Su oscuridad me atrajo del mismo modo que la luz a las polillas… Irremediablemente.
Cuando quise darme cuenta, estaba tan entre sus brazos como una mariposa en una tela de araña, cubierta de expertas telas que me impedían mover.
Solo me cabía un destino entre el dejarme hacer o dejar que creyera que hacía. Ante esta dicotomía, decidí dejarme llevar y sentir hasta dónde éramos capaces de llegar, hasta dónde la inconsciencia nos hacía avanzar. Nada de lucidez, nada de conciencia. Un latido atado alrededor de nuestros pies y una amalgama de crípticos sentires enredados en nuestros pensamientos.
Él, un hombre oscuro, de juicio ágil, de mirada abrupta y voz profunda. Yo, una mujer que sabe leer más allá de sus intenciones, consensuar su pensamiento, desvestirse de prejuicios y seducir con la cadencia de lo no dicho y de lo intuido.
Víctimas los dos de una ocurrencia, de ese camino que se puede controlar cómo se empieza a andar pero que no siempre se sabe cómo serán los siguientes pasos ni cómo los senderos en los que se desdibuja.

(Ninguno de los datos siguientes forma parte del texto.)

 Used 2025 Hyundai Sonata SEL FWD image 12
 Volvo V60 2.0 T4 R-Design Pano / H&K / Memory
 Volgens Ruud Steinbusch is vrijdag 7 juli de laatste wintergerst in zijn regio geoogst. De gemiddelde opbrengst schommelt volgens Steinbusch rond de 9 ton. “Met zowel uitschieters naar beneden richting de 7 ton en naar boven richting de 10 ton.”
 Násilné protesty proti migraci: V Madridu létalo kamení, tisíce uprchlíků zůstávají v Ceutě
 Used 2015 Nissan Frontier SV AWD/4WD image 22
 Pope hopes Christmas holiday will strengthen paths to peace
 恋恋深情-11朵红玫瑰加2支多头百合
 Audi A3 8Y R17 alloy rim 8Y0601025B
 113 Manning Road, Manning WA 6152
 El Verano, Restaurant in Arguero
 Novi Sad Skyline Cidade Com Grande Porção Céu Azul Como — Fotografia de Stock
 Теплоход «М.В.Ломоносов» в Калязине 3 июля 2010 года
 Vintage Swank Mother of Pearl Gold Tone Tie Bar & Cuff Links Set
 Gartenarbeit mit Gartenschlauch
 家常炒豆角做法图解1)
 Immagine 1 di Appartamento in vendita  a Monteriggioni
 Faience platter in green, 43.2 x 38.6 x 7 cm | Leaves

Un torbellino de emociones que desnudaban los impulsos que tan escondidos habían estado. Él tirando de mis hilos. Yo, manteniendo la tensión de la cuerda en la medida justa. Un tira y afloja en pos del mismo Pecado. Los dos inmersos en el juego de aquel laberinto,de aquella espiral que nos atrapada y donde cada gesto era una lucha precisa, donde no había más sangre que la que corría por las venas, ni más lamentos que los quejidos de pasión desbocada entre las fauces, cosidos a ellas, desvirgados por la lujuria de dos seres invocados cuyo único arrepentimiento solo podía venir dado por un final inexistente.